Furthermore, a hydraulic oil return line leading into the oil tank is provided. This hydraulic oil return line is via a pressure-controlled low-pressure limiting valve between the first intake connection point and the high pressure check valve with the working stroke chamber hydraulic oil line connected, wherein a return flow of hydraulic oil from the working-stroke chamber hydraulic oil line to the oil tank when reaching a certain low pressure is releasable.

The hydraulic return line is also over by a function of a pressure in the return stroke hydraulic oil pipe pressure-controlled Entsperr-check valve with reverse direction in the backflow between the High-pressure check valve and the working stroke chamber with the working-stroke chamber hydraulic oil line connected.

The pump motor is equipped with the pump motor control for a working stroke A direction of rotation can be controlled, so that at the first gear pump connection the delivery outlet and at the second gear pump connection the suction inlet lies. For a return stroke, however, the pump motor to a reverse direction controllable, so that then at the first gear pump connection the suction inlet and at the second gear pump connection the delivery outlet lies. Due to the structure of the radial piston pump promotes this in each of the driving directions in the same conveying direction. Possibly. are also in the direction of rotation and conveying direction reversible rotary element pumps with used other rotary elements than in a gear pump, provided they have a corresponding effect.

With the above arrangement is advantageously achieved that at the beginning of a Working strokes the gear pump with a large flow of, for example up to 6 liters per minute causes a fast piston feed, wherein also the delivery volume of the radial piston pump is switched on. to required associated emptying the return stroke this is fluid with the other acting as a suction port gear pump port connected. Because of the volume of the piston rod, the in the working stroke chamber inflowing hydraulic oil volume greater than that the return stroke chamber displaced hydraulic oil volume is can the gear pump the differential volume across the second intake manifold and the second Suction check valve still suck.

After reaching a certain set on the low-pressure relief valve Low pressure, for example, of 70 bar opens this, causing the Gear pump then promotes via the hydraulic oil return line into the oil tank. In addition, the high pressure check valve and the radial piston pump closes promotes with smaller flow of, for example, up to 0.6 liters per minute in a second screw phase in the working stroke chamber after for a high screwing torque high pressures of for example up to 700 bar are reachable. The resulting flow path switches take advantage of automatic, so that no externally controlled solenoid valves required are.

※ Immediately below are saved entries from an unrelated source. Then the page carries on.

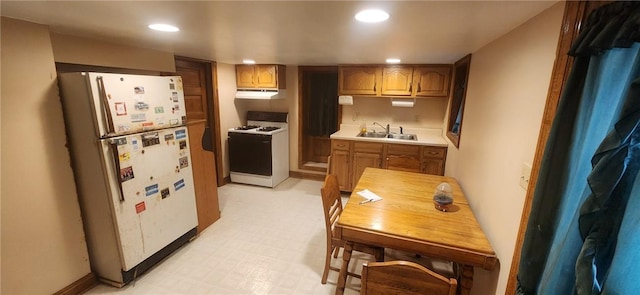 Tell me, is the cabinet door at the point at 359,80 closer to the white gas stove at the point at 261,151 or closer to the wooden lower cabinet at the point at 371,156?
the wooden lower cabinet at the point at 371,156

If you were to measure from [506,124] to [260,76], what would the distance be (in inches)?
132

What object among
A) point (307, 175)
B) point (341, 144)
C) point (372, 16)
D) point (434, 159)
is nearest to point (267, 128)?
point (307, 175)

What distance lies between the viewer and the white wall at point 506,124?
44.4 inches

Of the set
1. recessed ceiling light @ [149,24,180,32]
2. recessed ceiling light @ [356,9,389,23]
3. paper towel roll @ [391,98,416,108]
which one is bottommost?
paper towel roll @ [391,98,416,108]

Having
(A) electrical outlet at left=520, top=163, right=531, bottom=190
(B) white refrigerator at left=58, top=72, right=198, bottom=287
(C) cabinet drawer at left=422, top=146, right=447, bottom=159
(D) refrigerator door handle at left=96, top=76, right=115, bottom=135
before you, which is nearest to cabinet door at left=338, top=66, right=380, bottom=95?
(C) cabinet drawer at left=422, top=146, right=447, bottom=159

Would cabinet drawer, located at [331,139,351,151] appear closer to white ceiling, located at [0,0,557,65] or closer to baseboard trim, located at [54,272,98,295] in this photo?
white ceiling, located at [0,0,557,65]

For a return stroke, the pump motor for an opposite direction of rotation controlled, so that the gear pump also in opposite Direction promotes. As a result, hydraulic oil is pumped into the return stroke chamber, over the open Entsperr-check valve, the Arbeitshubkammer is open for a return flow of hydraulic oil to the oil tank. The relative low flow rate of the radial piston pump is the return flow volume added. A high pressure build-up in the return stroke through the Radial piston pump is not possible with this arrangement. Becomes advantageous thus achieved a quick return of the piston or the piston rod. For the return stroke is thus only a reversal of the engine in his Running direction required, with the valves used in the arrangement suitable and automatically adjust without external control. Usual gaskets on the piston are high pressure resistant only from the Arbeitshubkammerseite. With the present arrangement this is taken into account, since in the return stroke chamber only the gear pump with maximum pressures of approx. 100 bar is effective, so that a cuff is achieved.

In contrast to the prior art, in which a changeover of power stroke on return stroke by several expensive and susceptible and externally controlled Valves is done, here is just a control to reverse the direction of rotation the pump motor required, in which case the valves used set properly in the correct function and without external energy. Of the Structure of the arrangement according to the invention is therefore much simpler, less expensive, more compact and lighter weight. In particular, a small one Oil tank volume possible and the hydraulic oil heats up operationally fewer.

With the features of claims 2 and 3 is also an advantageous safety pressure limitation both in the high pressure range and in the low pressure range possible.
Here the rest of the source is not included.